I find speech.zone easy to use and navigate: 4.5
Thank-you. If there is anything you would like to improve in general about the site, post on the Requests forum.
I find the forums on speech.zone useful: 4.4
Also good – please keep using them!
The lecturers (Simon, Catherine, and Rebekkah) are helpful: 4.6 (no ratings below 3 ;5 responses of 3; the rest 4 or 5)
Thank-you for the positive feedback. We very much appreciate that.
The tutors (Jason, and Jason) are helpful: 4.1
Thank-you from the tutors.
The difficulty of the SIGNALS tutorial material is appropriate (1 – too easy, 3- just right, 5 – too hard): 3.8 (with only one response below 3 and all others 3, 4, or 5)

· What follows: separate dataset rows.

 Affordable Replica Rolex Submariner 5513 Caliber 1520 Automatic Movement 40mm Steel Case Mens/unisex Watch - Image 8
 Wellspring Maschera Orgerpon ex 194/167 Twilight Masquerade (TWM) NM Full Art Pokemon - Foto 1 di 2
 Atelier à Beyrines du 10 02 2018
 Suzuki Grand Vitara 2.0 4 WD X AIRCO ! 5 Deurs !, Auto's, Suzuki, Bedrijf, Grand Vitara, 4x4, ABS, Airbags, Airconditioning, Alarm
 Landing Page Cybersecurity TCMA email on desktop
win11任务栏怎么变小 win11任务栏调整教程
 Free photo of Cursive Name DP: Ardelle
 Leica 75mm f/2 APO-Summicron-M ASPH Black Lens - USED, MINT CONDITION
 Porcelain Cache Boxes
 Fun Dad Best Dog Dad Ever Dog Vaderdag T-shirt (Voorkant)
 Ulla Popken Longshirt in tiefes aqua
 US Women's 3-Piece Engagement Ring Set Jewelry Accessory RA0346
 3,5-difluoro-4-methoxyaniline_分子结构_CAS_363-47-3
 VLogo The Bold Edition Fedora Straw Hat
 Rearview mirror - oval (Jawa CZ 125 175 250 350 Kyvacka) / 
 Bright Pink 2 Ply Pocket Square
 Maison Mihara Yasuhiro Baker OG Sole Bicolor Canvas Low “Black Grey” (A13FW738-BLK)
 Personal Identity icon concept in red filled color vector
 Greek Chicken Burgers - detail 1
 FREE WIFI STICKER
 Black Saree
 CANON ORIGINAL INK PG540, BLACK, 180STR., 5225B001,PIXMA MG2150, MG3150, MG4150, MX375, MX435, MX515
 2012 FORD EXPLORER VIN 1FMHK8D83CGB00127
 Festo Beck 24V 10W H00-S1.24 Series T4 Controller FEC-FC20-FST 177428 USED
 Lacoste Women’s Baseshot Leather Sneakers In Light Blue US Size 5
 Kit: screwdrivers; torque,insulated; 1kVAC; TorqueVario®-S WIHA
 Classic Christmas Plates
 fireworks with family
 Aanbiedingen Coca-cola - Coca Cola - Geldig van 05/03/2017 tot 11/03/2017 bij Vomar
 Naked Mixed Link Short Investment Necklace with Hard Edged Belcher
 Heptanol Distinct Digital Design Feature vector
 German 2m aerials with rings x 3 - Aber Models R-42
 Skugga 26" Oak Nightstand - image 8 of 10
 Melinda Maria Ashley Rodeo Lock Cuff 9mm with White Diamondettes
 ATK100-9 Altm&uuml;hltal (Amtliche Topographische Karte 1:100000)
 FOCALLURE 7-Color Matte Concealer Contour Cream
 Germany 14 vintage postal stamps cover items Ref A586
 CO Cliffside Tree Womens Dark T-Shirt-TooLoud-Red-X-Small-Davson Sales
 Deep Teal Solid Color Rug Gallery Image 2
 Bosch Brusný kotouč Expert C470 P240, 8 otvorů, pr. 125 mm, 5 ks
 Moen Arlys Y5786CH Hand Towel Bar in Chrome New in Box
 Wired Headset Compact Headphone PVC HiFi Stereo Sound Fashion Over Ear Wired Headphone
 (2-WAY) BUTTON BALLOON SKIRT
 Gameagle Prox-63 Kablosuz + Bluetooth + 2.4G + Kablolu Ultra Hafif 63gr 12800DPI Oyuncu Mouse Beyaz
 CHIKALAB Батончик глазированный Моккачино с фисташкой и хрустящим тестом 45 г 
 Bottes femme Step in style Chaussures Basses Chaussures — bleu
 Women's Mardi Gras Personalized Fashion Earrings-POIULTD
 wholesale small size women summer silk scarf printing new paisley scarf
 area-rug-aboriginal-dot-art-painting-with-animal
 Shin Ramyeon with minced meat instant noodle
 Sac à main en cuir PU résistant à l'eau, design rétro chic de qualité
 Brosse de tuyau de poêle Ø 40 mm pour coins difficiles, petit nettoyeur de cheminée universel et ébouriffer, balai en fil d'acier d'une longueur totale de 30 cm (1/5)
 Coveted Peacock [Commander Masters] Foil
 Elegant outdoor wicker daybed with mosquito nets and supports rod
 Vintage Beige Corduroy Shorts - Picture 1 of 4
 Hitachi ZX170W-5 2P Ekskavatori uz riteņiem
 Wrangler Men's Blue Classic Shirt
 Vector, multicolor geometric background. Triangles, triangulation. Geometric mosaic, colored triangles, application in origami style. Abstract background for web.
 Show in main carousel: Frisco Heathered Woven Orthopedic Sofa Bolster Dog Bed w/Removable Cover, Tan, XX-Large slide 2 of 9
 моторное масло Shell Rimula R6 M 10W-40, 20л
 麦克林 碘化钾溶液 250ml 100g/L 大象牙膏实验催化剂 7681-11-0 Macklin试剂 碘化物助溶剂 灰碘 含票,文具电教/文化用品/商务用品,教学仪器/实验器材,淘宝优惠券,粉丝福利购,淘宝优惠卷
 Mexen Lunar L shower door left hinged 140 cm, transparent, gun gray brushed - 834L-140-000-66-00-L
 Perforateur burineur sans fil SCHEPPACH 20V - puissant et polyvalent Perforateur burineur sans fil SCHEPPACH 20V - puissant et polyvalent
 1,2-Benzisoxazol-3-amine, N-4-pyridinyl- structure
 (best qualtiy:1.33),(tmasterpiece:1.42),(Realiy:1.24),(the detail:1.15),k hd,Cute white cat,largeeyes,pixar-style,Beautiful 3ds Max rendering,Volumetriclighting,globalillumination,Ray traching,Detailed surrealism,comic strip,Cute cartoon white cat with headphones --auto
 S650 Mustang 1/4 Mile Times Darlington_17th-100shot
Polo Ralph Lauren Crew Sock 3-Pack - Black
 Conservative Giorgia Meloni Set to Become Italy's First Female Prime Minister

The best way for us to improve the course is to experiment a little each year. This material (new for this year) was designed to be challenging. It ended up a little more challenging than intended. We will be keeping this material in the course, but we will divide each notebook into levels of difficulty to make it clearer what is essential and what is optional.
The difficulty of the PHON tutorial material is appropriate (1 – too easy, 3- just right, 5 – too hard): 3.0 (with a spread of scores right across the range).
This area is where a few students will have a strong background and other no background at all. The wide spread of scores surprised us. In future, we will try to make this material more accessible for students without any background.
I would like a weekly timetabled lecture for the remaining modules (1-strongly disagree, 5-strongly agree): 3.4 (with 8 people rating below 3 and all others 3,4 or 5)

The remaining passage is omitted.